▶ Material for this task
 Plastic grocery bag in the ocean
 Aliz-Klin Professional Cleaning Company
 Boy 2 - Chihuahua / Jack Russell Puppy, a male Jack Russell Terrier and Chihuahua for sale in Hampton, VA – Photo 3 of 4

* * *

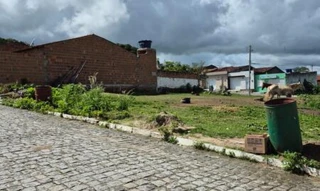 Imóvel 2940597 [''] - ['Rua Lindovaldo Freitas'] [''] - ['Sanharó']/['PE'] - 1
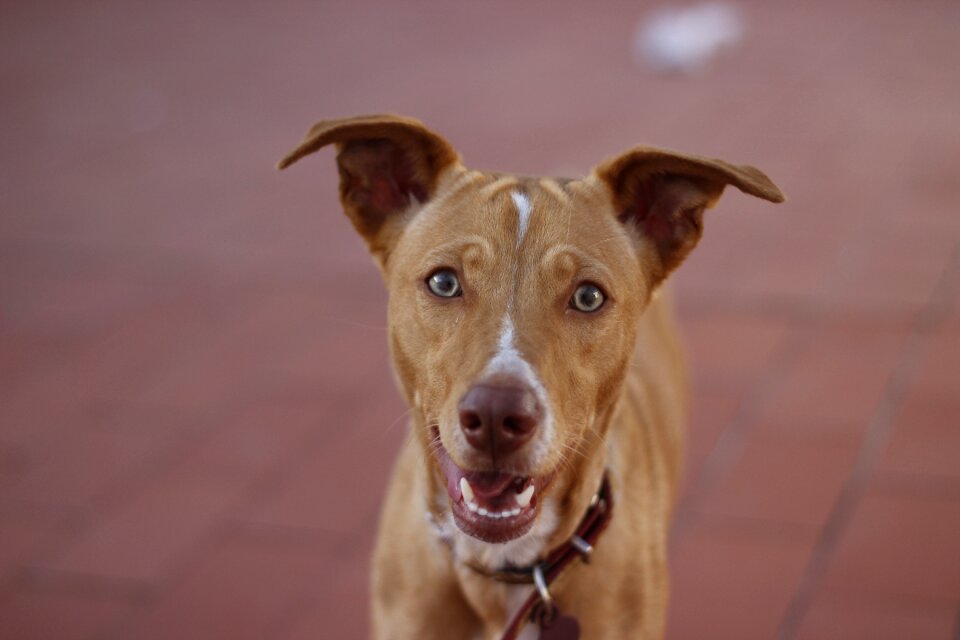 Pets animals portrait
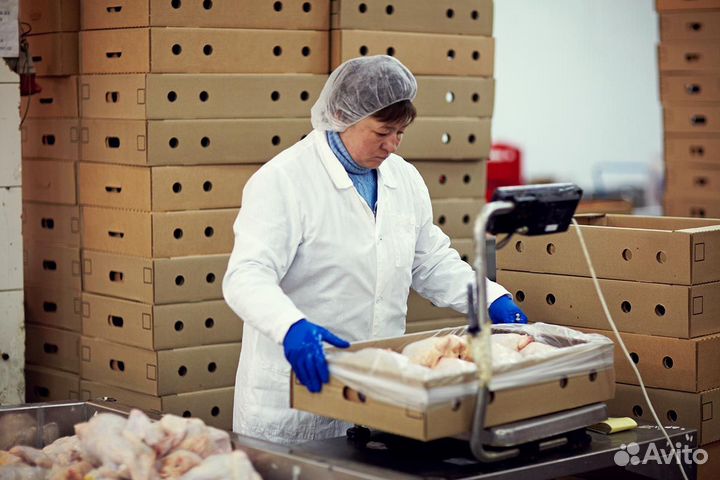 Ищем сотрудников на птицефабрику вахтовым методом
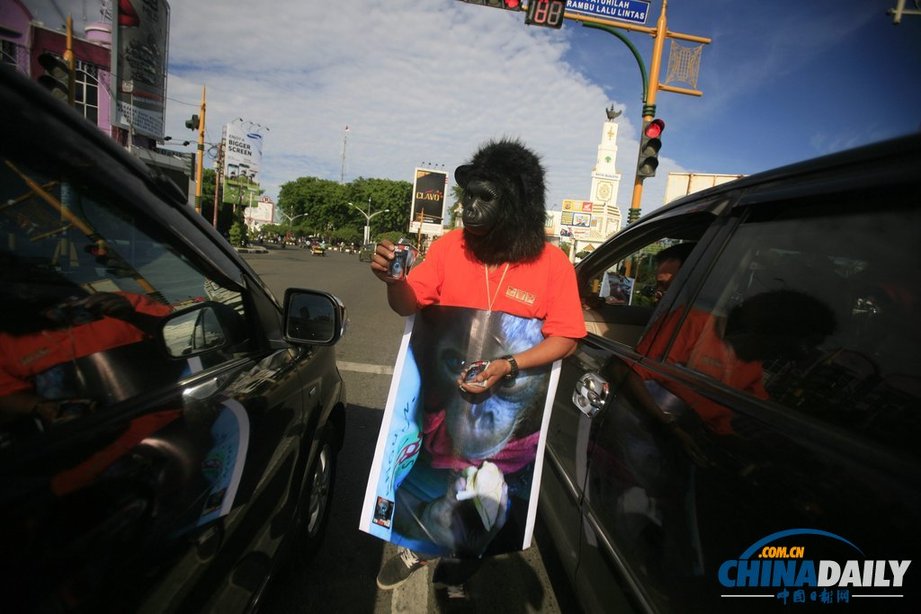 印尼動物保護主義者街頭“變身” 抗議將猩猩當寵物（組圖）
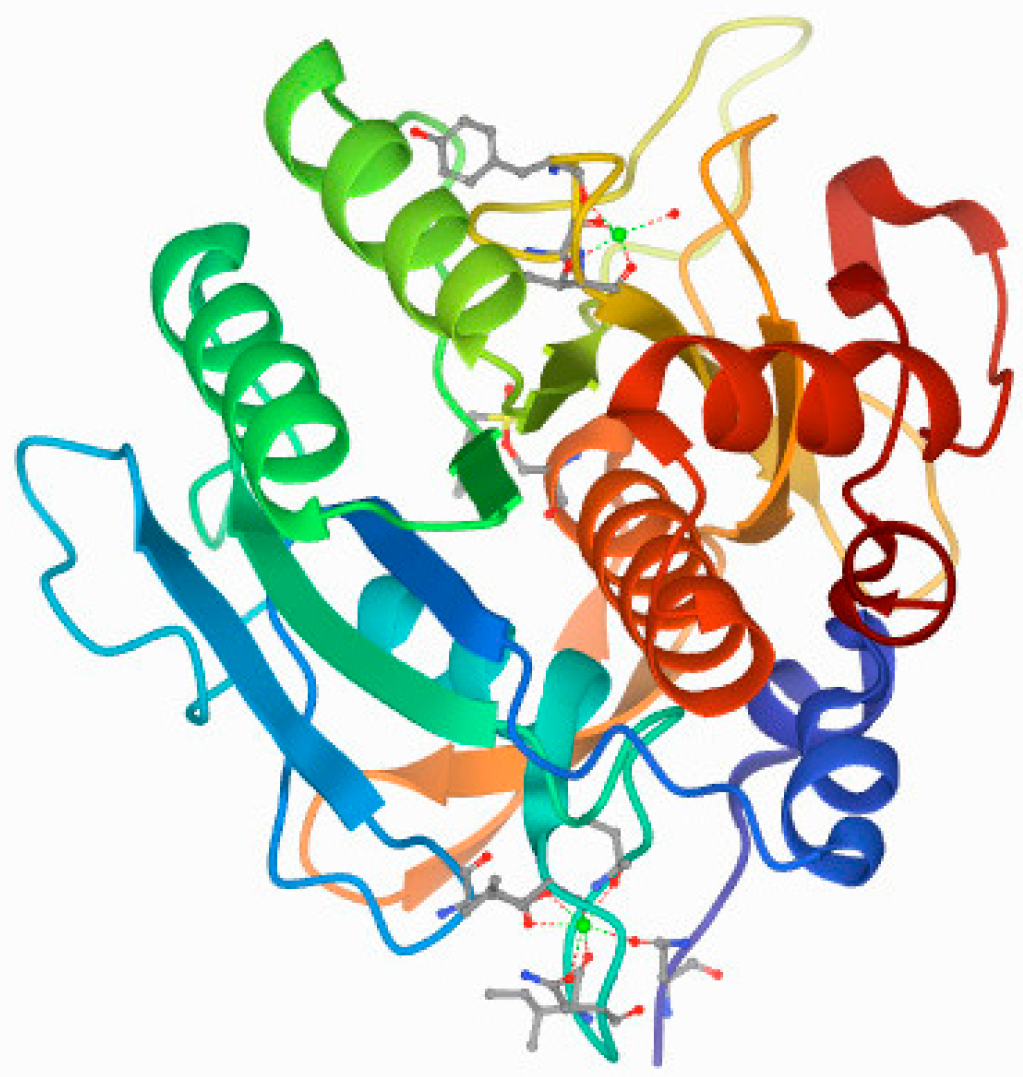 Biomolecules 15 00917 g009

▶ Work order
Range to copy from the listing above: the line containing "Pets animals portrait" down to the line containing "Biomolecules 15 00917 g009", both included. Reproduce it exactly, minus the pictures, and add nothing.

▶ Task output
 Pets animals portrait
 Ищем сотрудников на птицефабрику вахтовым методом
 印尼動物保護主義者街頭“變身” 抗議將猩猩當寵物（組圖）
 Biomolecules 15 00917 g009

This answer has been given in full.